From the construction workers and electricians who built this neon-gilded city and the housekeepers who tidy its hotel rooms to the county employees and nurses who take care of its residents, union workers run Las Vegas.
And on Saturday, some of those workers stepped away from their jobs for the separate but perhaps equally important task of vetting six of the 20 candidates vying to become the Democratic Party’s presidential nominee at a forum hosted by the Service Employees International Union and the progressive Center for American Progress Action Fund.

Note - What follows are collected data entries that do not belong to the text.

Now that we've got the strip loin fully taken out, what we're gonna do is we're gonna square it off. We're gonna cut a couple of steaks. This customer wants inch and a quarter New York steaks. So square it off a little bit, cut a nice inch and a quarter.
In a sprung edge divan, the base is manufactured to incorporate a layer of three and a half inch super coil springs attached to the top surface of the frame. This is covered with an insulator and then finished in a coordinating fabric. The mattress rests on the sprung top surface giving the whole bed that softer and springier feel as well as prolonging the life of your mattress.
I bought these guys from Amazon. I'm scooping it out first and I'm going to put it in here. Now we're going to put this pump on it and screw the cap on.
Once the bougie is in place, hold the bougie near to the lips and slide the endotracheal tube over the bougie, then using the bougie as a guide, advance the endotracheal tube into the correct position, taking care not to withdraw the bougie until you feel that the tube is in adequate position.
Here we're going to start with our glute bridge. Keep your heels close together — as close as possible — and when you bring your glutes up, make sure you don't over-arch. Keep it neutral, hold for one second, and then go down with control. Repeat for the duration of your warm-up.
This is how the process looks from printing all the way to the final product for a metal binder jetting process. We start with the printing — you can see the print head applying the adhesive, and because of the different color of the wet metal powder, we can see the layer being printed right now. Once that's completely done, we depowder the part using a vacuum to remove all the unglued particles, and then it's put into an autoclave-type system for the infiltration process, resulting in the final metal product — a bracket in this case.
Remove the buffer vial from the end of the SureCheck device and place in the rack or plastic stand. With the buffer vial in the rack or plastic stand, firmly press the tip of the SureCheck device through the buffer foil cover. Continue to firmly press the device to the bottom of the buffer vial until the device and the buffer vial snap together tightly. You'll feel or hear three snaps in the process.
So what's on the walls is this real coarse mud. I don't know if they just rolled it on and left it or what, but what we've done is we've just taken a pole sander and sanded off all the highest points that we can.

Although the event was attended by service workers from across the country, it was the first chance for Nevada’s union members to size up the candidates alongside one another ahead of the state’s first-in-the-West caucus in February.

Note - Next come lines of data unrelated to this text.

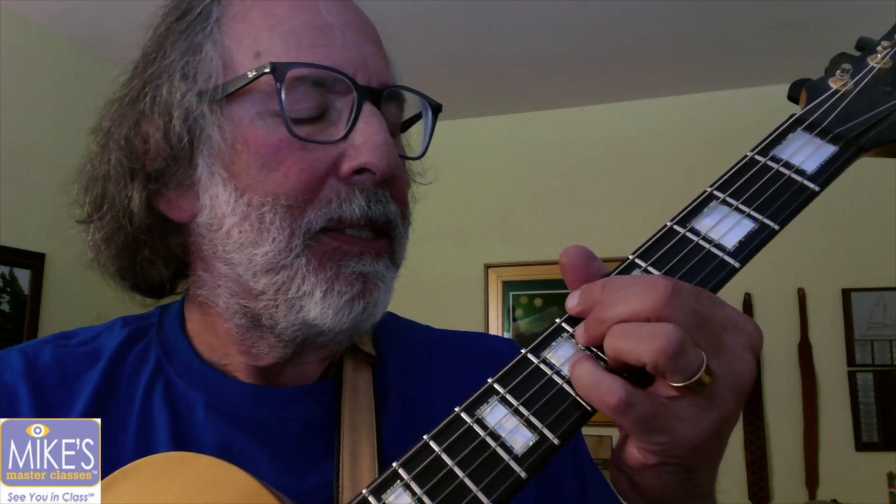Down to the 6, and C minor 7th — which is a minor 2 chord going forward. And what we're going to add is just a different voicing. Instead of Bb7, we're going to use a 13th chord: Bb, Bb, D, and G. The G is our 13th. The dominant 7th chord can have a 9, 11, and 13, so it has that same quality. I kind of like the sound of the 13th.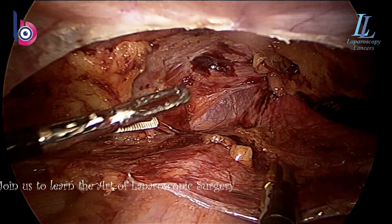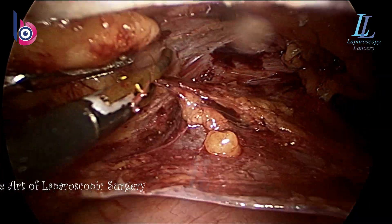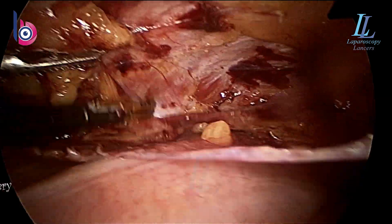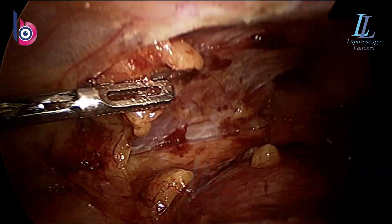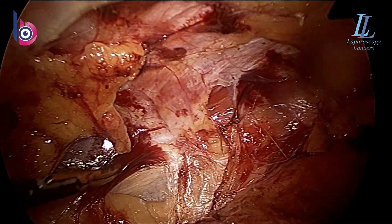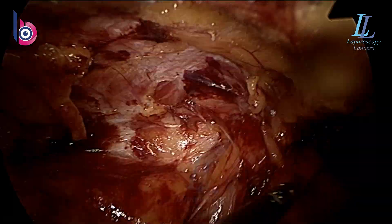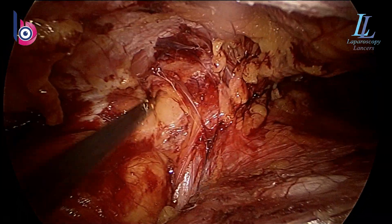Again, I will say your camera person should be excellent. Train them to twist and turn the 30-degree scope towards all sides — sometimes they have to show it from beneath, sometimes from the sides, sometimes from above. The dissection is shown in 2x speed so it will look a bit fast. The surgery is not that difficult. Do not refrain from inguinal hernia surgeries — any laparoscopic surgeon can do one laparoscopically, and it's very easy.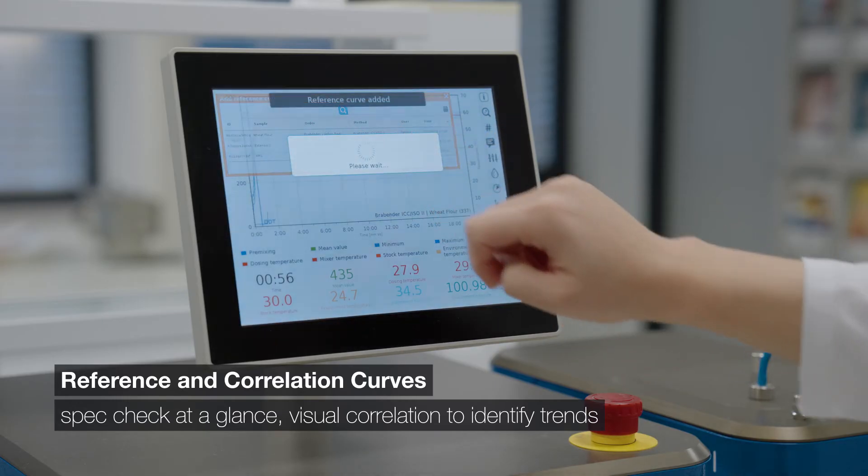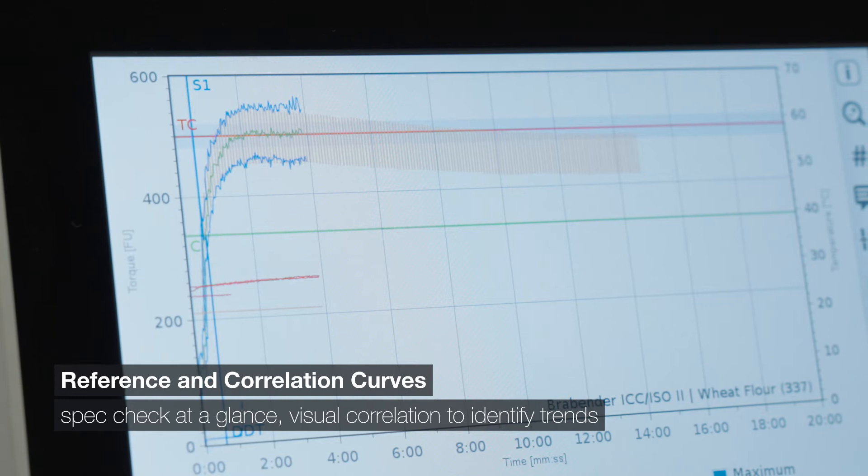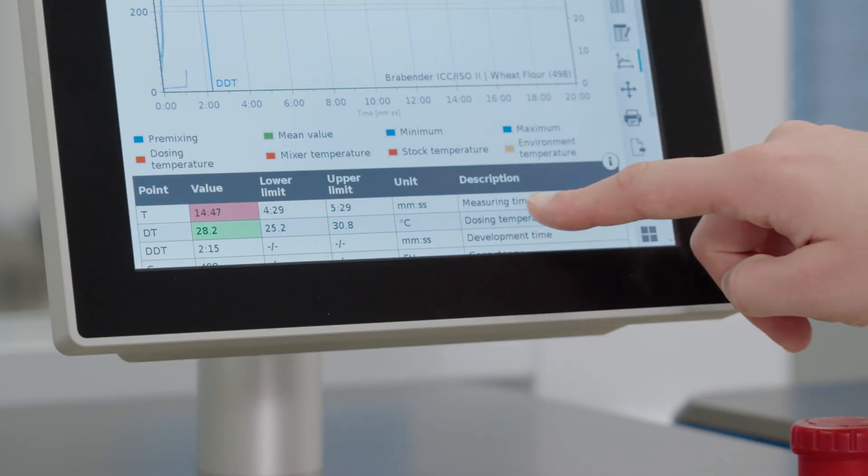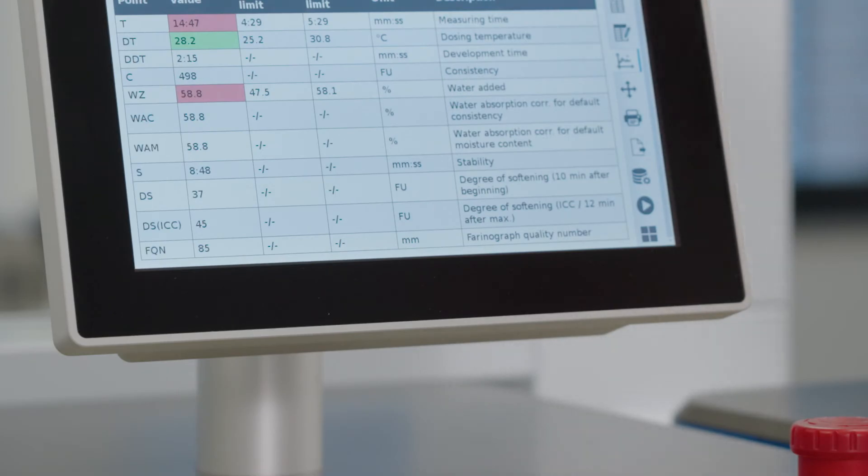Use reference curves for automatic in-spec and out-of-spec evaluations. And for those who want to dig even deeper into dough, the correlation module lets you compare multiple measurements to identify trends and critical deviations.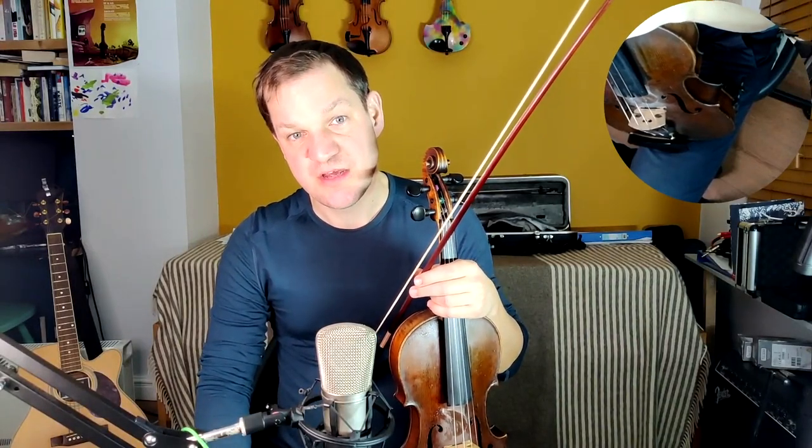So there it is, the lovely Irish jig, The Banks of Loch Gauner. If you enjoyed that tune and you'd like to learn it with me, then please do subscribe to the channel.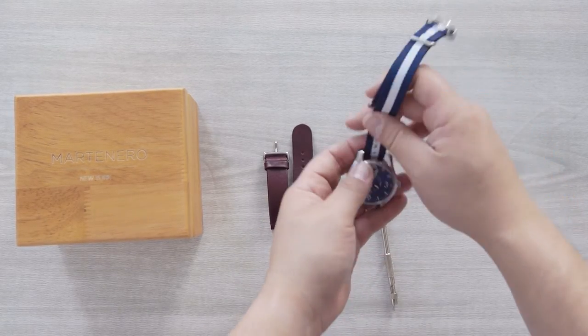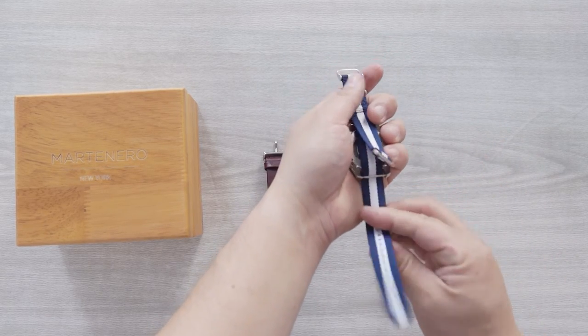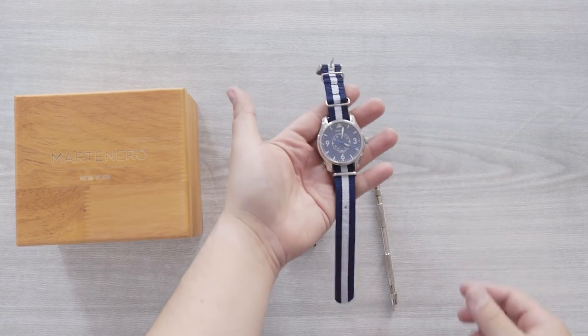Finally, with the clasp of the strap facing up, thread the watch strap through the top of the watch face and through the bottom. Once you've done this, continue to thread the strap through the final loop and there you have it.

“This is definitely the starting ground for what we are looking forward to, and it definitely places everything on the stage for other candidates, what they need to look out for,” said Roxana Valladares, secretary-treasurer of SEIU Local 1107, in an interview after the event. “The candidates, when they come to Nevada and they want to win Nevada, they have to go through us. So they need to come and talk to us.”
Presidential candidates will need to curry favor with union workers here — whether with SEIU, one of the nation’s largest unions; the Culinary Union, the largest union in the state representing 57,000 hospitality workers on and off the Strip; or one of the other unions — over the next several months as they try to lock up support in an early nominating state where nearly 14 percent of residents are union members.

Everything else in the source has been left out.